* _PROBLEM DESCRIPTION_:
The lines below are to be quoted exactly, from the first through the one that contains "Canoës, kayaks sur".

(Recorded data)
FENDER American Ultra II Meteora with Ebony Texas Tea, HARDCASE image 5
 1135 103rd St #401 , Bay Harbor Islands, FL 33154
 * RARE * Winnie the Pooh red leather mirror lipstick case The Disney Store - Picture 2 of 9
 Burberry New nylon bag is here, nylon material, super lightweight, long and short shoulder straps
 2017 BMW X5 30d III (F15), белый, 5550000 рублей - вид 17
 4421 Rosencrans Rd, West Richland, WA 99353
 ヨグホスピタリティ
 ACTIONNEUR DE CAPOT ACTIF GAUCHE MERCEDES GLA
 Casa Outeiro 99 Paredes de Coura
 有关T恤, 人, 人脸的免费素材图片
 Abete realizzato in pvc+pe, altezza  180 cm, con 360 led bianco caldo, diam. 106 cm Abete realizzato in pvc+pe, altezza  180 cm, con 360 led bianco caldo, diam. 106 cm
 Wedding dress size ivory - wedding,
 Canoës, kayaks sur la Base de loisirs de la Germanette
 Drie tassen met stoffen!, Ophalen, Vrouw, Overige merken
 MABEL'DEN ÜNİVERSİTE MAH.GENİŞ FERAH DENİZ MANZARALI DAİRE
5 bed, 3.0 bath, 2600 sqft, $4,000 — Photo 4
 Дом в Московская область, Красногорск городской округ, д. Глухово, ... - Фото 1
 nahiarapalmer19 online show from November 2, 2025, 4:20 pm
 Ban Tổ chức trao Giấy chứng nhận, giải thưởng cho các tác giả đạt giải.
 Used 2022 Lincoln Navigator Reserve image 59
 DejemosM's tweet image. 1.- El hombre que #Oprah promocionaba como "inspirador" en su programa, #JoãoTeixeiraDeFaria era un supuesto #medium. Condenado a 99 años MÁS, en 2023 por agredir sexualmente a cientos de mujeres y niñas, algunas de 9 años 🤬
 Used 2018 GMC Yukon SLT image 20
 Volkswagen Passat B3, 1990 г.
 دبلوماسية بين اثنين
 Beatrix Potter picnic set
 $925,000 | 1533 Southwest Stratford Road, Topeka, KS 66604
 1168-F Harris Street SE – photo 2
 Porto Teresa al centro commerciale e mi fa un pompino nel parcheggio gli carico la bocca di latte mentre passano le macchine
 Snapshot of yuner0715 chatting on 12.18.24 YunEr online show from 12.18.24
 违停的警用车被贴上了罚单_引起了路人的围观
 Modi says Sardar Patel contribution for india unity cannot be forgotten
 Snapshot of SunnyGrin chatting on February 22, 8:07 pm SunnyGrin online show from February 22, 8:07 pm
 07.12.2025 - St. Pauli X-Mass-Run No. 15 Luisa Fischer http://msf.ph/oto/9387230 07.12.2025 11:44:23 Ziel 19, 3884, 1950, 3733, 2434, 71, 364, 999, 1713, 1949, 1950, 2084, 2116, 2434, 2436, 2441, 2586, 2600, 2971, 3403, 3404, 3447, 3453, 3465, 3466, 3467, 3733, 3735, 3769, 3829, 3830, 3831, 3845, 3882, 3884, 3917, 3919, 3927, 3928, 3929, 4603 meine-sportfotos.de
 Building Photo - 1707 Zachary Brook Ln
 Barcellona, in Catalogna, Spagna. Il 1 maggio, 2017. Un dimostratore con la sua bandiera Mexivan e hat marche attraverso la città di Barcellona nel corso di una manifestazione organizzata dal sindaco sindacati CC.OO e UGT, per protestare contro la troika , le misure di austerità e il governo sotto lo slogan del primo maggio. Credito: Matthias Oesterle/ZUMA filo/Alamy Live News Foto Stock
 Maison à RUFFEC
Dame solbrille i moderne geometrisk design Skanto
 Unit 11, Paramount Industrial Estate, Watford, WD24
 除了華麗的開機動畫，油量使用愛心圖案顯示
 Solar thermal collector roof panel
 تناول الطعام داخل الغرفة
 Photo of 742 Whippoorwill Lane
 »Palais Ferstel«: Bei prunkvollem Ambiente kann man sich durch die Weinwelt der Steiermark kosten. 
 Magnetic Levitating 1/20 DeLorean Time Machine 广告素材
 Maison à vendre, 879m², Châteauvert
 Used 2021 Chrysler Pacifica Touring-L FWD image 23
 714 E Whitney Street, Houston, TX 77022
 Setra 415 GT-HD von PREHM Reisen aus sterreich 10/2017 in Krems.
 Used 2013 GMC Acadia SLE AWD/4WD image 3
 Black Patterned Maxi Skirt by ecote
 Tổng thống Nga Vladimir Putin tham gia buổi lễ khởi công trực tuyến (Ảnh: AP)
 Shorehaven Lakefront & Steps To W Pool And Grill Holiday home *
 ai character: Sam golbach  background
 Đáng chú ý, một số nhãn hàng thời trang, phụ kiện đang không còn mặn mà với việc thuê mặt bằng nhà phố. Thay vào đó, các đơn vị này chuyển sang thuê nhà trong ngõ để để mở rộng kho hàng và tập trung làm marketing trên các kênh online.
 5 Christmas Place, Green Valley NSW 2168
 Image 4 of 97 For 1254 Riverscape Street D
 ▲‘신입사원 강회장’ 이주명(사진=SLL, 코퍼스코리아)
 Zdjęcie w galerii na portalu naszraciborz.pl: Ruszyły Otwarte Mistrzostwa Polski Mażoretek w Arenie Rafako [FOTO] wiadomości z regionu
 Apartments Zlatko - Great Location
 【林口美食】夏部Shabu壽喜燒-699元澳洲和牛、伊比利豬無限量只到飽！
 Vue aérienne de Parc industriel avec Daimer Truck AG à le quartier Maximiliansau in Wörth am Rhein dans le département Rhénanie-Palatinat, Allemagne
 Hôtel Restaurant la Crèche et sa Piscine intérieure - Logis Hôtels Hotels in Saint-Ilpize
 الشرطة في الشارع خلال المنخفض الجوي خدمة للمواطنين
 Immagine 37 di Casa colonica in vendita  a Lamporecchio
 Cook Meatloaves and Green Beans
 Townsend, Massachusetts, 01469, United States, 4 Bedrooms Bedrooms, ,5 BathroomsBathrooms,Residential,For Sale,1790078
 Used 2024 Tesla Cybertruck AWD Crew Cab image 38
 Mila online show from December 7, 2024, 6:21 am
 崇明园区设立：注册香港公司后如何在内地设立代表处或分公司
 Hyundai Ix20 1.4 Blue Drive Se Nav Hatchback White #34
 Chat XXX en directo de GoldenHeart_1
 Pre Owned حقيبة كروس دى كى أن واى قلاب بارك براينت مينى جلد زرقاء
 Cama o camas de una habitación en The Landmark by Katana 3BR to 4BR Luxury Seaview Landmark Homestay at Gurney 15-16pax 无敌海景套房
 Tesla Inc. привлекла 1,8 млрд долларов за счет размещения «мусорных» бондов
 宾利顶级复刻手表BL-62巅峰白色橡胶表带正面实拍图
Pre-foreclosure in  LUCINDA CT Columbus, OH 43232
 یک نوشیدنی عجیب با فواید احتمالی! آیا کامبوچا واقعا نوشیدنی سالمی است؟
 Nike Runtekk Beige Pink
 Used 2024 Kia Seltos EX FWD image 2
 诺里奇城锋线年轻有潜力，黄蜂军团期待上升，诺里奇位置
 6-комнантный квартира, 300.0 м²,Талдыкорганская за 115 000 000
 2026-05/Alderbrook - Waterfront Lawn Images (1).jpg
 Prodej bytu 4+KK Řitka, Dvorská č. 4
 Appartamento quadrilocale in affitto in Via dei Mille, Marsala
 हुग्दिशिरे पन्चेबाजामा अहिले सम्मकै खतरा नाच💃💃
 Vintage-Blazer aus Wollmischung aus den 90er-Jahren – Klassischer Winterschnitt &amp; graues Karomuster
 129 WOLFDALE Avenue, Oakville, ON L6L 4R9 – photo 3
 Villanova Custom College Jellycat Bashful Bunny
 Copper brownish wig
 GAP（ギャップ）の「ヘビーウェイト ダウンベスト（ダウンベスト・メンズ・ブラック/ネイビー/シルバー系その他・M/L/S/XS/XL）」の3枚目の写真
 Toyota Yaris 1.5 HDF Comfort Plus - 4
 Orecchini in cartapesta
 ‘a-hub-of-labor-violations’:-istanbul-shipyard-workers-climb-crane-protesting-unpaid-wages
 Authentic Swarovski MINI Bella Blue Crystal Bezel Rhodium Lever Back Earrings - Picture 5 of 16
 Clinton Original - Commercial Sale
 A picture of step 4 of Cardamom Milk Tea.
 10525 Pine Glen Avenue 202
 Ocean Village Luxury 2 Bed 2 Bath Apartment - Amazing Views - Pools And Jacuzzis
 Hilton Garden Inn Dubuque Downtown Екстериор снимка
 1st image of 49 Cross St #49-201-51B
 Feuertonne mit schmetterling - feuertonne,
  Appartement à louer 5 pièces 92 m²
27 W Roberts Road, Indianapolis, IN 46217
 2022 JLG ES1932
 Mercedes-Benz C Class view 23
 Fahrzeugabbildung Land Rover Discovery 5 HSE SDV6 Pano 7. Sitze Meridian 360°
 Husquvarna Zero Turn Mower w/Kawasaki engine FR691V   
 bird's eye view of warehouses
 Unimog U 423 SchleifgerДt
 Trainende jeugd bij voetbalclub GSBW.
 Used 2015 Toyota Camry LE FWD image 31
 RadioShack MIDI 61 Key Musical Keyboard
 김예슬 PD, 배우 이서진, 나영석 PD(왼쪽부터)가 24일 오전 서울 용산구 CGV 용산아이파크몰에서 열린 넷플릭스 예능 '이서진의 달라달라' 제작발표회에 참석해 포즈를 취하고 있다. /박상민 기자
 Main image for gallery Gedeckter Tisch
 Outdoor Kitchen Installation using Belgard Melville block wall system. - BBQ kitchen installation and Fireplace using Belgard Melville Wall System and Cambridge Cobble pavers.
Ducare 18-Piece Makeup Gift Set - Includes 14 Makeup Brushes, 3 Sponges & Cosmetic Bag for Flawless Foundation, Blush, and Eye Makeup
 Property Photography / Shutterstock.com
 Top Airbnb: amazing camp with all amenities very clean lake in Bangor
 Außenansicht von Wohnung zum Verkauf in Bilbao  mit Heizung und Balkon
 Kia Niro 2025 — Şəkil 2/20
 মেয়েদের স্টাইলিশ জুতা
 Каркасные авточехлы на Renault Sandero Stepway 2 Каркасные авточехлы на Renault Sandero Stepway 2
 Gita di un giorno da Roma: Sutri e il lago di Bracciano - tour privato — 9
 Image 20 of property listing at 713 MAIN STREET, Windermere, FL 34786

* _SOLUTION TO THIS PROBLEM_:
FENDER American Ultra II Meteora with Ebony Texas Tea, HARDCASE image 5
 1135 103rd St #401 , Bay Harbor Islands, FL 33154
 * RARE * Winnie the Pooh red leather mirror lipstick case The Disney Store - Picture 2 of 9
 Burberry New nylon bag is here, nylon material, super lightweight, long and short shoulder straps
 2017 BMW X5 30d III (F15), белый, 5550000 рублей - вид 17
 4421 Rosencrans Rd, West Richland, WA 99353
 ヨグホスピタリティ
 ACTIONNEUR DE CAPOT ACTIF GAUCHE MERCEDES GLA
 Casa Outeiro 99 Paredes de Coura
 有关T恤, 人, 人脸的免费素材图片
 Abete realizzato in pvc+pe, altezza  180 cm, con 360 led bianco caldo, diam. 106 cm Abete realizzato in pvc+pe, altezza  180 cm, con 360 led bianco caldo, diam. 106 cm
 Wedding dress size ivory - wedding,
 Canoës, kayaks sur la Base de loisirs de la Germanette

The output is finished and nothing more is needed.